Alison Putnam, DO, is a physiatrist (a physical medicine and rehabilitation physician) who specializes in spine care and sports medicine at the Sports Medicine Clinic at Ballard and will soon be at the new Spine Center at Meridian Pavilion.
Let’s Get to Know Her:
What’s your clinical interest?
In my specialty, I address mostly musculoskeletal issues. I work with people who have hip, neck, back, shoulder or knee pain — anything musculoskeletal, really. I enjoy the management of nonoperative musculoskeletal injuries, back and spine care, musculoskeletal ultrasound, electrodiagnostic testing and interventional lumbar spine procedures.
What made you want to become a doctor, and in your specialty?
In college I majored in exercise and sports science and became an athletic trainer. I always knew I wanted to be a doctor and felt that the specialty of physical medicine and rehabilitation was a great fit for me. After medical school I completed my residency in Physical Medicine and Rehabilitation at the UW School of Medicine and then went on to do a fellowship in Sports and Spine Medicine at the University of Colorado Denver.
Why did you decide to come back to UW Medicine?
After my fellowship training I practiced at a few other hospital systems prior to coming back to UW Medicine in 2019. One of the reasons for my return is that there is always teaching and learning going on at UW Medicine. I like listening to spine conferences and participating in the multitude of learning opportunities. There is this continuous learning going on and it’s built into what we do here.

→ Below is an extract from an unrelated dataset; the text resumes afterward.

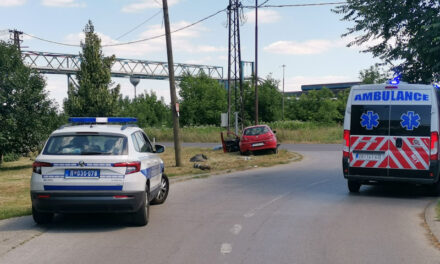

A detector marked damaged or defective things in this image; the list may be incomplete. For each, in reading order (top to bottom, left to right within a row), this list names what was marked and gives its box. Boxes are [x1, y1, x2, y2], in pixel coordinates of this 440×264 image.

crashed red car [239, 124, 276, 155]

How do you work with other specialists for patient care?
I work cross-departmentally with neurology, neurosurgery, orthopedics and physical therapy. As a physiatrist, I help make the plan for treating and diagnosing musculoskeletal issues and then a physical therapist does the physical rehabilitation.
In addition to seeing patients at the Sports Medicine Clinic at Ballard, I’ll start seeing patients at the new Spine Center at Meridian Pavilion. It will be nice to work directly with the surgeons that I refer patients to as it cuts out the extra communication steps when you are able to coordinate side by side.
What types of injuries do you see the most?
I mostly see spine injuries since I’m part of our spine care program. I’m trained in spine injections and do epidural steroid injections for things like sciatica or pinched nerve pain.
As a sports medicine specialist, I want to emphasize that our treatments aren’t just for sports injuries — we address any musculoskeletal pain and see many patients with non-sports related issues like arthritis or tendonitis.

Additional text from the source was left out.